## TASK:
Exact repetition of a range: find the line containing "Foto på familjen" and the line containing "Custom Initials Heart" in the material below, then repeat both and all lines between them, leaving pictures out.

## SOURCE MATERIAL:
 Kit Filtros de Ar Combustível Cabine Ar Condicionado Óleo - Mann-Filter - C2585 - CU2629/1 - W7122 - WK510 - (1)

* * *

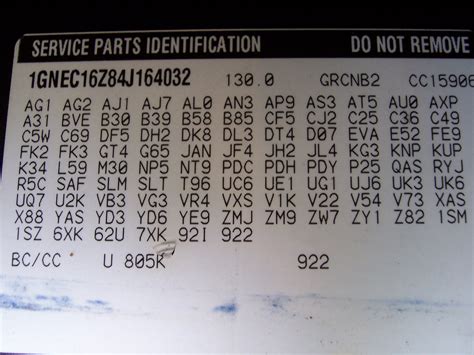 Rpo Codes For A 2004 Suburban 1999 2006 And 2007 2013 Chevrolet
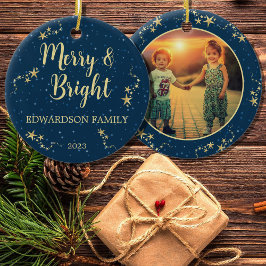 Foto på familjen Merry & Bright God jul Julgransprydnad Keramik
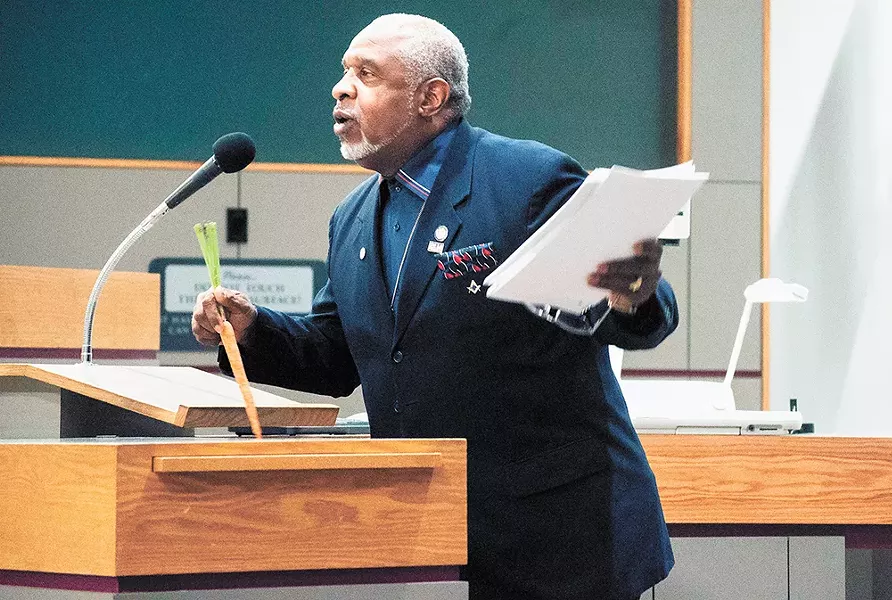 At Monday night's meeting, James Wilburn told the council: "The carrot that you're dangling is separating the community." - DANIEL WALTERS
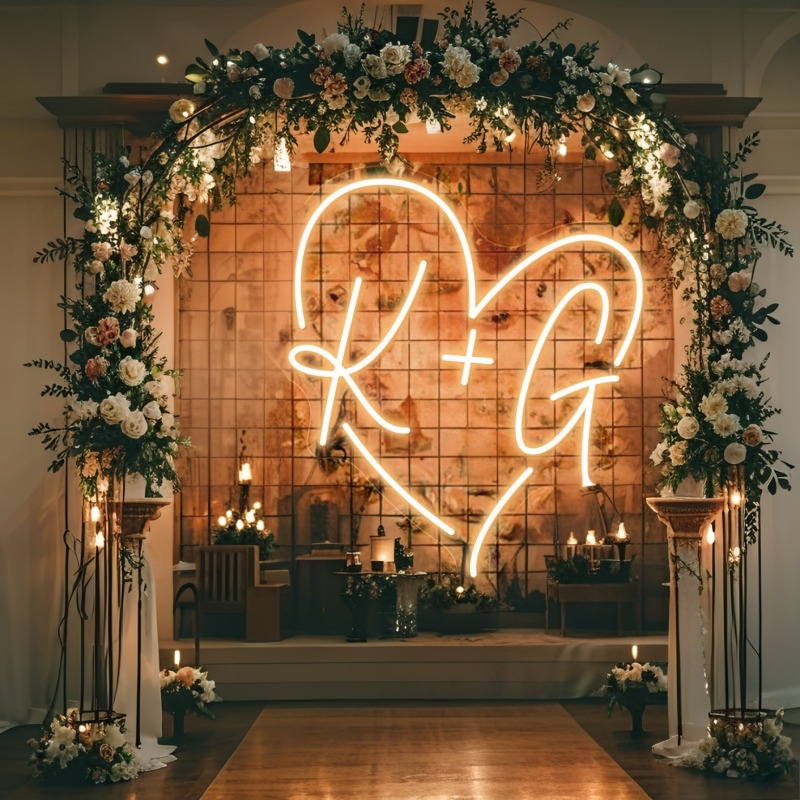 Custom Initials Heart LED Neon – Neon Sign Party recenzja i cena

## EXPECTED OUTPUT:
 Foto på familjen Merry & Bright God jul Julgransprydnad Keramik
 At Monday night's meeting, James Wilburn told the council: "The carrot that you're dangling is separating the community." - DANIEL WALTERS
 Custom Initials Heart LED Neon – Neon Sign Party recenzja i cena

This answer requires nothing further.